Wretched Excess
Guess what! Light Years is the one I meant.
Here's what I wonder about the Peter Unger thing (you do mean Peter Unger,
don't you?): Is it true? I mean, is it true that if I buy a blouse I'm not
saving a child? Isn't it possible that if we all stop buying things all sorts
of people who currently aren't starving to death will suddenly be out of work
and will soon be starving to death? Just asking. It's questions like that that
help me deal with the guilt.
The Tierney piece this morning was a disappointment to me, because although
I can never read enough about the Duff-Perelman divorce, I didn't find Peter
Unger particularly interesting on the subject. It's a fascinating case, though:
She's Undine Spragg all over again, a true Wharton creation. I've been
fascinated by her for years--when she was married to Mike Medavoy, in
Hollywood, she suffered greatly and neurasthenically, having to make do on his
pathetic $2 million a year salary; no welfare mother had as hard a time, I can
assure you. They built a grand house with a budget that mushroomed beyond their
means, and when it was finally finished, alas, there was no money to furnish
it. The stress from it all caused her to contract Epstein-Barr, a disease I had
believed in up until that point.
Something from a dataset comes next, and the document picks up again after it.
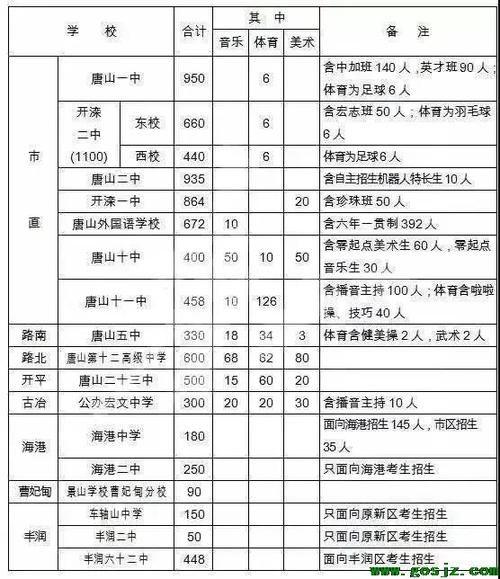 衡水一中分数线(哪个性价比更高)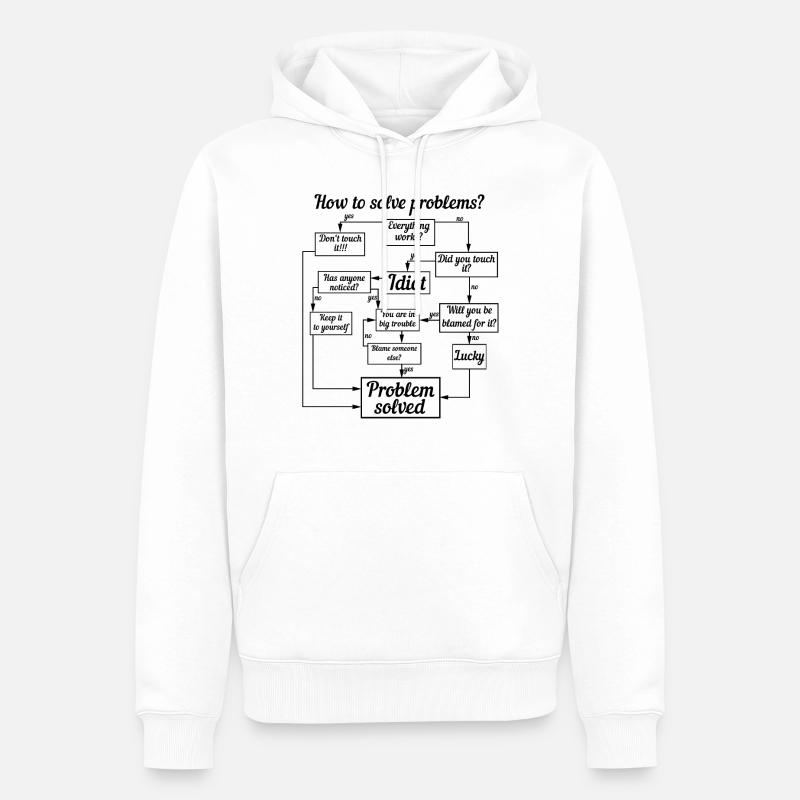 Solutionneur de problèmes de bricolage - Sweat à capuche Premium bio Homme - blanc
This experience--life in a furnitureless home,
which reminds me somehow of the famous Julie Christie-alone-on-the-balcony
scene in Darling --explains, to me at least, why Duff is asking for so
much money to decorate the apartment she wants Perelman to buy her--although I
was interested to read an interview in the New York Post with several
decorators who said her budget was, if anything, low.
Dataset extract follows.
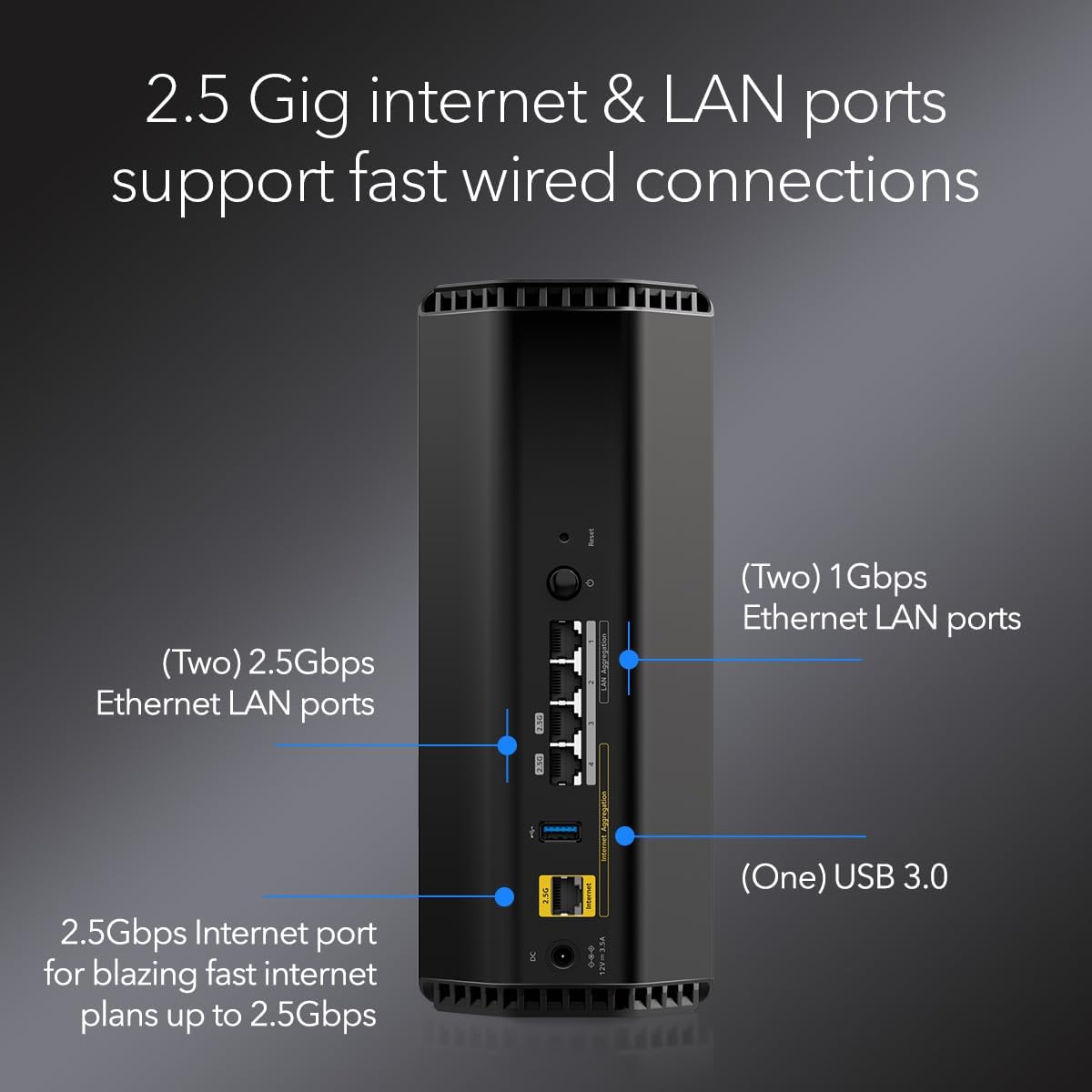 NETGEAR Nighthawk Tri-Band WiFi 7 Router (RS300) - Router Only, BE9300 Wireless Speed (up to 9.3 Gbps) - Covers up to 2,500 sq. ft., 100 Devices - Universally Compatible with ISPs - Free Expert Help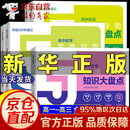 【官方正版-京仓直配】2025版 高中知识大盘点思维导图早起5分钟速记 名师高中知识导图 高中思维导图张雪峰推荐 2025新版数学 知识通高中高考基础知识复习难点通用必背知识高中语文数学英语物理化学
Anyway, I don't think there's the remotest chance that liberalism, the
liberalism I grew up with, welfare-state stuff, etc., is on the verge of a
comeback, and there's even less chance that anyone will stop spending money in
the flamboyant and careless manner that's become commonplace. One of the things
that has always fascinated me is the example of Saul and Gayfryd Steinberg, who
spent their money so extravagantly and publicly in New York in the '80s and
were practically stoned for it. They'd broken a kind of tacit agreement about
behavior among rich people, the people who would never drive anything but a
station wagon, and they had to be made to pay. Now, of course, everyone breaks
the agreement--not just in Hollywood, but even in Seattle, viz. Bill Gates.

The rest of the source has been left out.